Один пример последних нападок на безопасность работников и на право объединения в профсоюзы – из сферы государственного образования, где «ответственность» за низкую эффективность многих школ – из-за комплекса взаимосвязанных причин – была возложена на учителей и профсоюзы, и предлагаемым «решением» является ввоз рабочей силы под строгим контролем работодателей по Н-1В визам. Поскольку Советский Союз заявлял о том, что представляет интересы трудящихся – и действительно обеспечивал полную занятость в экономике, хотя и на умеренных уровнях покупательной способности – то он представлял собой альтернативный образ, который маячил на заднем плане, почти подсознательный упрек власти американского капитала.

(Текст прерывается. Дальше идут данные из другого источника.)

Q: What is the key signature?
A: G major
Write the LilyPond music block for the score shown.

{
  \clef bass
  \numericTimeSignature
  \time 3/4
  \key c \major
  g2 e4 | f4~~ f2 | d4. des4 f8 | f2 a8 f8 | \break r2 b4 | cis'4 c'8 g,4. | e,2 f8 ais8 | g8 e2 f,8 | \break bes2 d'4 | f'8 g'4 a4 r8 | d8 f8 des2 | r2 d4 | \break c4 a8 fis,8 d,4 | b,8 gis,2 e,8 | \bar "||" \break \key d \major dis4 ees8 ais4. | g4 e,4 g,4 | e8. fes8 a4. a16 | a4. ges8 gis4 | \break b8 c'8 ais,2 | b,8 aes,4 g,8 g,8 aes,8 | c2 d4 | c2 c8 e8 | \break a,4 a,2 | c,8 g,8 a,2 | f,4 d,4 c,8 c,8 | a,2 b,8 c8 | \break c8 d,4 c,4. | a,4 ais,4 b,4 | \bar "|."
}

Это не случайное стечение обстоятельств, что крушение коммунизма совпало с началом проведения неолиберальной политики и гегемонии неолиберализма в глобальном масштабе. Когда Советский Союз испытывал на себе воздействие ускоряющейся гонки вооружений, правящие классы на Западе чувствовали себя все более комфортно, срывая с себя маску капитализма с человеческим лицом – социально-демократического государства благосостояния, которое развивалось с 1930-х годов. Менее сдерживаемые «великим врагом», который символизировал альтернативу обществу и экономике, полностью определяемым логикой капиталистического производства, правящие классы во всем мире пошли в контрнаступление: дерегуляция рынков, разрушение профсоюзов, аутсорсинг и приватизация – говоря кратко, все хорошо известные неолиберальные политики, которые призваны приносить выгоду узким слоям населения.
После отказа от значительных элементов «государства благосостояния», наиболее реакционным элементам капиталистического класса удалось сместить территорию борьбы назад к прежнему статус-кво первой половины XX века, к ситуациям, напоминающим период «Нового курса» Рузвельта. Этот реакционный сдвиг иллюстрируется в США ростом неравенства в распределении доходов, дерегуляцией финансовых рынков, резким снижением численности профсоюзов и изменениями во многих других сферах жизни.
Возможно, самый простой количественной мерой для измерения влияния краха коммунизма является волнообразный рост неравенства в США в течение двух или трех последних десятилетий. Рост неравенства начался с 1980-х гг. вместе с неолиберальными политиками, что совпало с периодом «застоя» в Советском Союзе, и усилился после 1989 года и краха СССР. В значительной мере это очень ощутимый результат конца конкурентного мирового порядка и появления безальтернативной гегемонии капитализма.